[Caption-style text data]
_ _ _ _ _ _ _

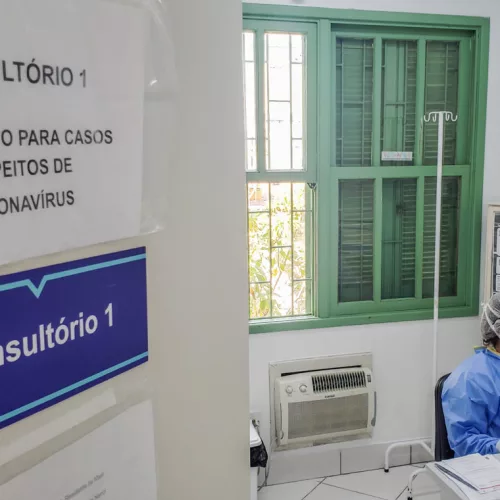 Profissionais atendem pacientes com suspeita de coronavírus em Porto Alegre. Foto: Robson da Silveira/PMPA (Arquivo)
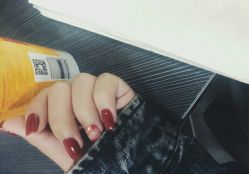 -进巍美甲美睫店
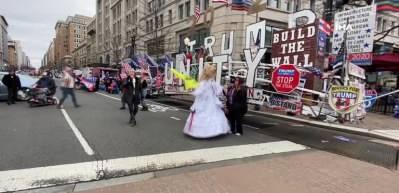 Trump can derdine d&uuml;şt&uuml;: Kendine af &ccedil;ıkarabilir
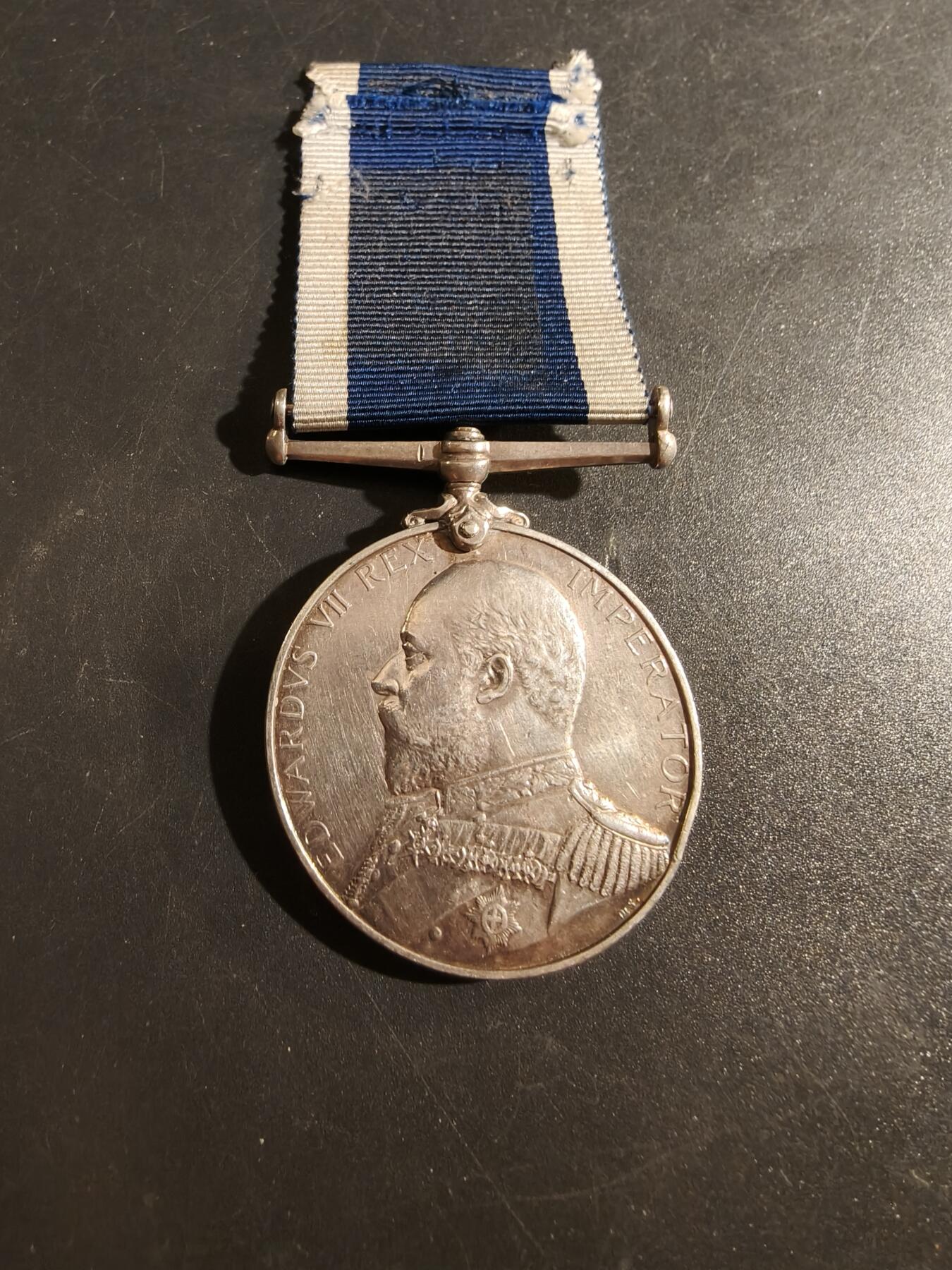 老王徽章第177期 英国皇家海军长期服役奖章    925银   35.5g    爱德华七世版    授予前无畏舰埃克斯茅斯号水兵      埃克斯茅斯号服役于1903年,在1903-1914年间曾作为地中海舰队、海峡舰队、大西洋舰队的旗舰，一战期间参加了达达尼尔海峡志愿作战     具体介绍看最后截图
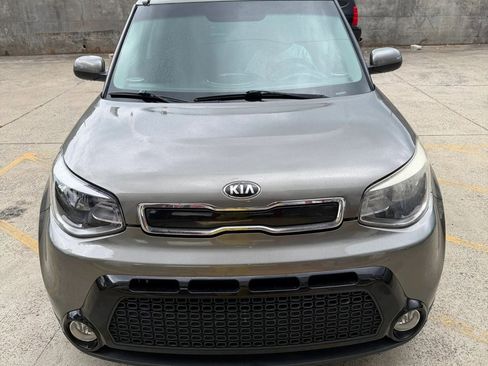 Used 2016 Kia Soul + FWD image 2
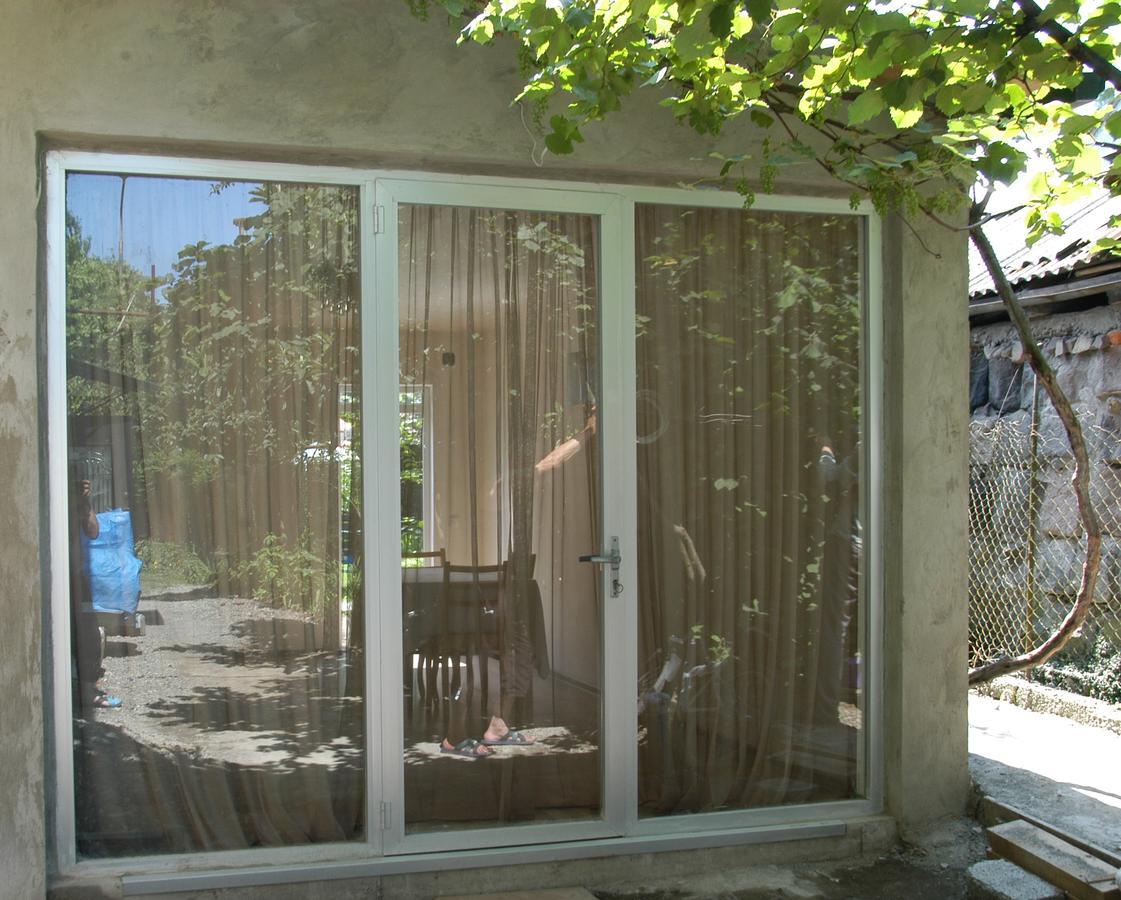 באטומי Guest House Barbi מראה חיצוני תמונה
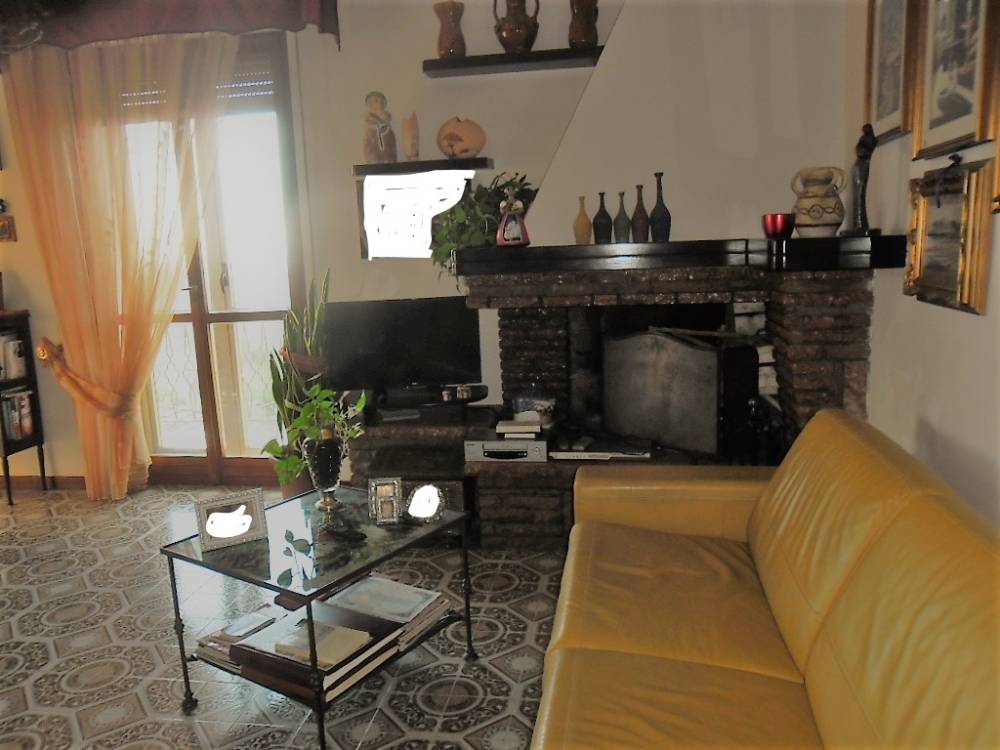 appartamento in vendita a Castelnuovo Magra in zona Molicciara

_ _ _ _ _ _ _

What is needed is an exact restatement of every line from the one containing "Used 2016 Kia Soul + FWD image 2" through the last line of the records, pictures left out.

 Used 2016 Kia Soul + FWD image 2
 באטומי Guest House Barbi מראה חיצוני תמונה
 appartamento in vendita a Castelnuovo Magra in zona Molicciara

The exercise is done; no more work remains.